L’enjeu est national. La politique de Poutine consiste à dire que le soldat de l’Armée Rouge de Stalingrad et de Berlin, les marins de Kronstadt, l’officier de la division de Kornilov de l’Armée Blanche ou encore l’intellectuel purgé par Staline, font tous d’«excellents Russes». La Russie d’aujourd’hui essaie de s’appuyer sur tous les éléments positifs de la Russie soviétique et du passé. C’est comme ça que Soljenitsyne est devenu un écrivain patriarche, mis sur un pied d’égalité avec Tolstoï. C’est également ainsi que les avions de l’Armée de l’air portent à la fois des étoiles rouges sur les ailes et l’aigle à deux têtes sur la queue… Les uniformes des unités de la garde, unité d’infanterie d’élite de l’armée, associent également l’aigle à deux têtes avec le fanion rouge des bérets soviétiques. Poutine a développé une sorte de syncrétisme militaro-politique, en associant des symboles de plusieurs époques.

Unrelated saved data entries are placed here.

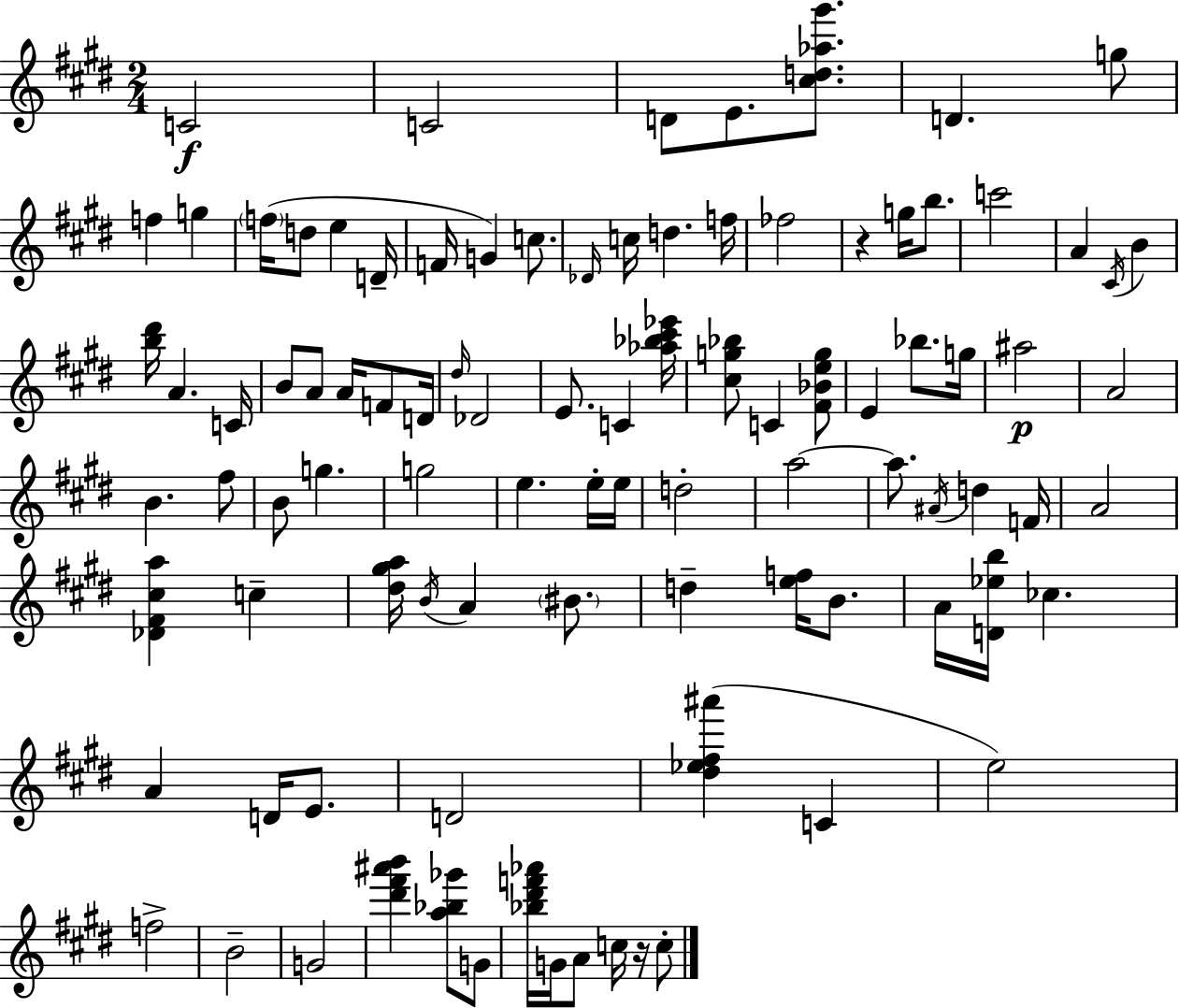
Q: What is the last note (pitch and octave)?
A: C5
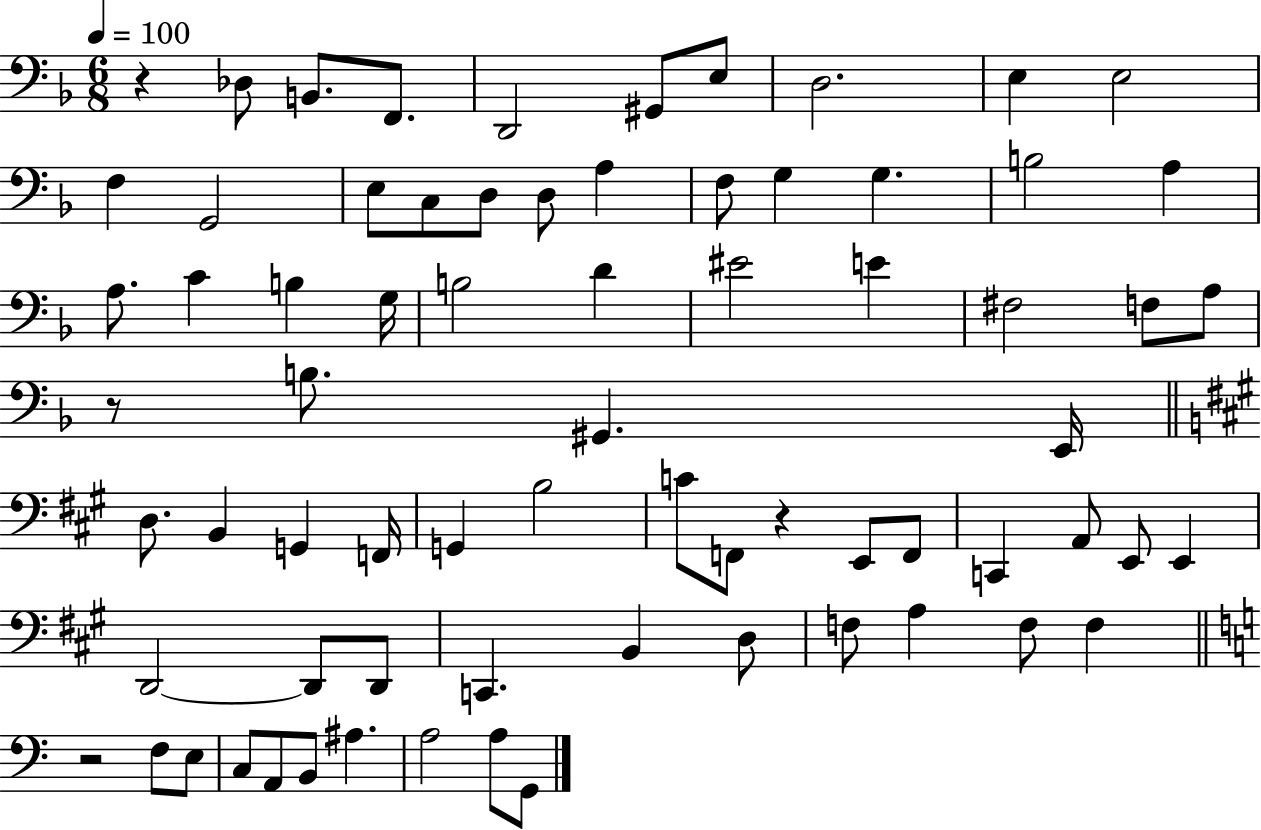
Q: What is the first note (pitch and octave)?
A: Db3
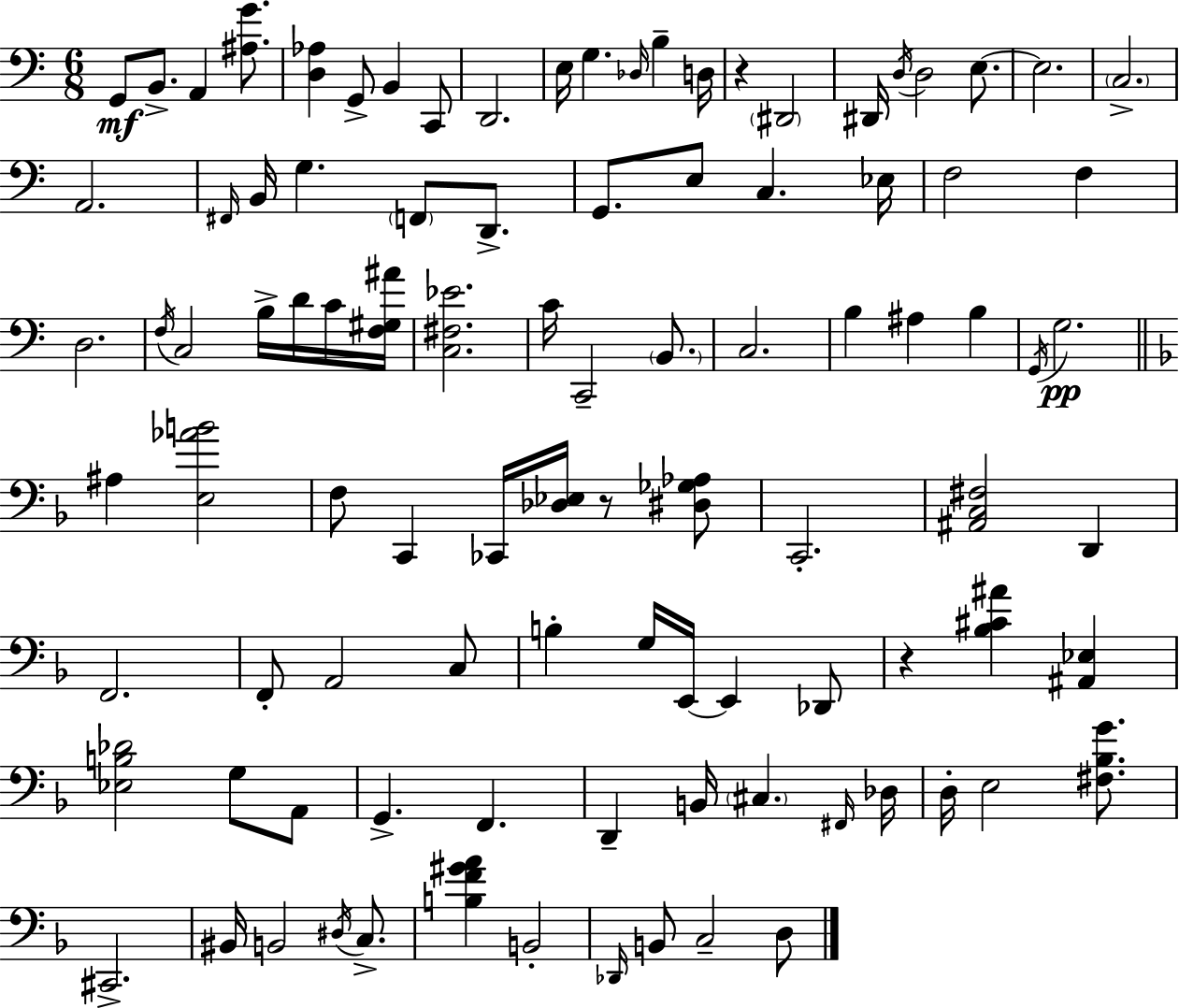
G2/e B2/e. A2/q [A#3,G4]/e. [D3,Ab3]/q G2/e B2/q C2/e D2/h. E3/s G3/q. Db3/s B3/q D3/s R/q D#2/h D#2/s D3/s D3/h E3/e. E3/h. C3/h. A2/h. F#2/s B2/s G3/q. F2/e D2/e. G2/e. E3/e C3/q. Eb3/s F3/h F3/q D3/h. F3/s C3/h B3/s D4/s C4/s [F3,G#3,A#4]/s [C3,F#3,Eb4]/h. C4/s C2/h B2/e. C3/h. B3/q A#3/q B3/q G2/s G3/h. A#3/q [E3,Ab4,B4]/h F3/e C2/q CES2/s [Db3,Eb3]/s R/e [D#3,Gb3,Ab3]/e C2/h. [A#2,C3,F#3]/h D2/q F2/h. F2/e A2/h C3/e B3/q G3/s E2/s E2/q Db2/e R/q [Bb3,C#4,A#4]/q [A#2,Eb3]/q [Eb3,B3,Db4]/h G3/e A2/e G2/q. F2/q. D2/q B2/s C#3/q. F#2/s Db3/s D3/s E3/h [F#3,Bb3,G4]/e. C#2/h. BIS2/s B2/h D#3/s C3/e. [B3,F4,G#4,A4]/q B2/h Db2/s B2/e C3/h D3/e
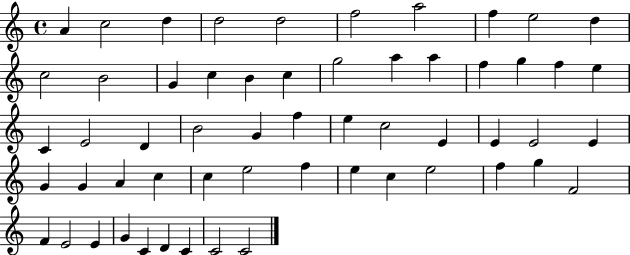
A4/q C5/h D5/q D5/h D5/h F5/h A5/h F5/q E5/h D5/q C5/h B4/h G4/q C5/q B4/q C5/q G5/h A5/q A5/q F5/q G5/q F5/q E5/q C4/q E4/h D4/q B4/h G4/q F5/q E5/q C5/h E4/q E4/q E4/h E4/q G4/q G4/q A4/q C5/q C5/q E5/h F5/q E5/q C5/q E5/h F5/q G5/q F4/h F4/q E4/h E4/q G4/q C4/q D4/q C4/q C4/h C4/h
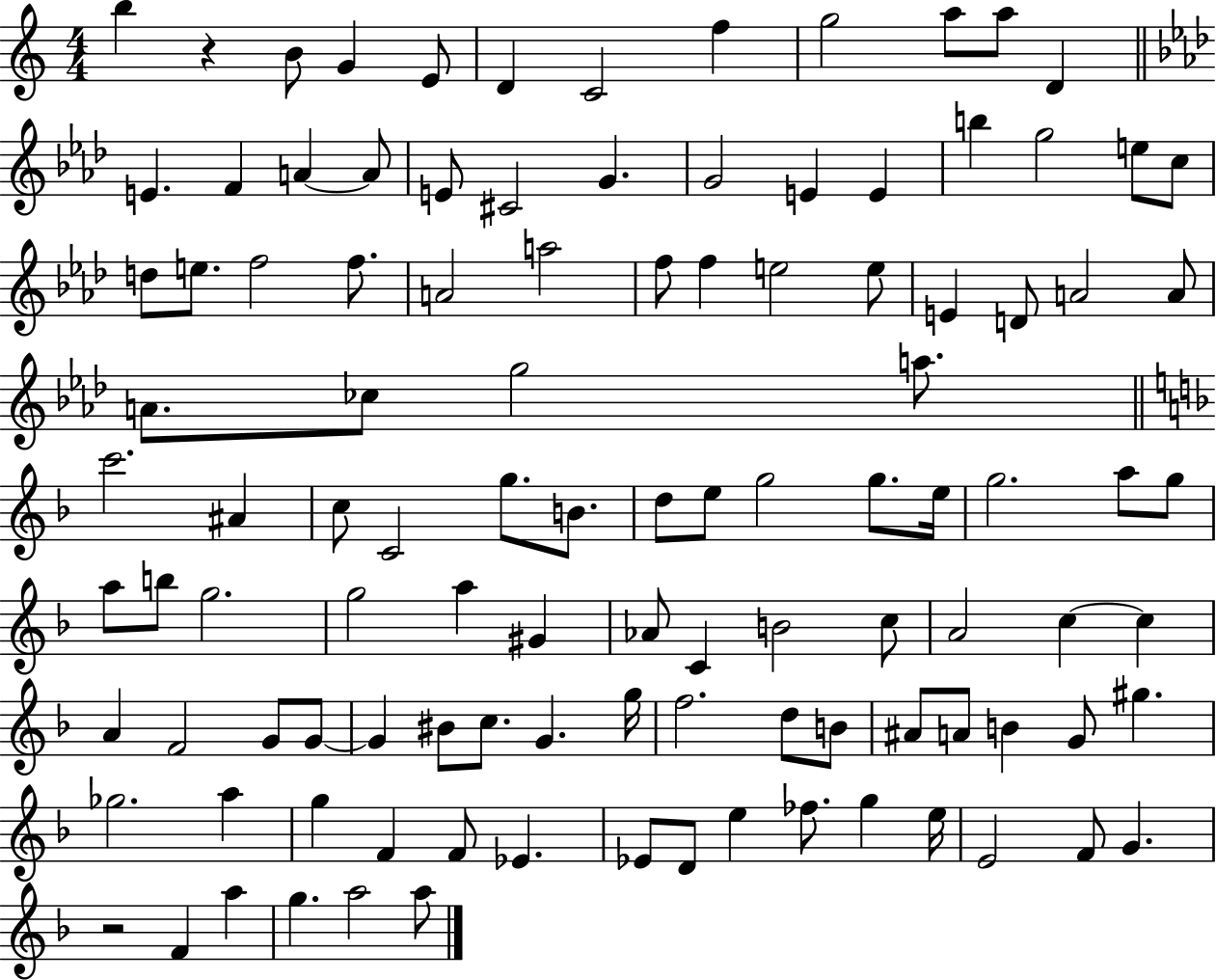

Quel regard les Ukrainiens portent-ils aujourd’hui sur l’histoire du XXe siècle?

Leur regard est très ambivalent. Les Ukrainiens savent que, pour le moment, la Russie n’est pas en mesure de reconnaître les exactions de l’Armée rouge, et ils continuent d’accuser les Russes de génocide, en raison de la grande famine artificielle provoquée par Moscou, qui fit au bas mot 5 millions de morts. En même temps, le communisme a apporté beaucoup à des gens qui, sans cela, n’auraient jamais été autre chose que des paysans. Mais, en Ukraine, le XXe siècle a consisté en une succession d’événements traumatisants: la guerre civile, la dékoulakisation, la famine, les purges, l’invasion des nazis en 1941, la guerre contre l’Allemagne qui a fait 8 millions de morts en Ukraine sur les 20 millions sacrifiés par l’URSS. Or, les Ukrainiens ne parlent pas de leur histoire du XXe siècle. L’homme moyen n’a pas de place dans sa vie intellectuelle pour se tourner vers son passé et en parler. C’est une habitude héritée de l’époque soviétique. L’ancienne génération a du mal à se défaire de la chape de plomb, et la nouvelle génération s’avère plus préoccupée par l’idée d’accéder à un niveau de vie occidental. La jeunesse ukrainienne ne s’intéresse pas à l’histoire, elle s’affaire pour bâtir l’histoire de demain. Cette démarche serait d’ailleurs d’autant plus difficile que la domination culturelle russe persiste: le marché de l’édition est submergé par les publications russes, ainsi que la télévision. Les publications ukrainophones survivent difficilement.

Y a-t-il un lieu à Kiev que vous affectionnez particulièrement?

J’aime beaucoup le petit parc qui se trouve autour de la Porte d’Or, une énorme porte fortifiée, en brique et en pierre, reconstituée à partir de ses ruines médiévales et au sommet de laquelle se trouve une petite basilique. Il y a peu de passage, mais dans ce petit parc se trouve une statue étrange, celle de Begemot, le chat du Maître et Marguerite.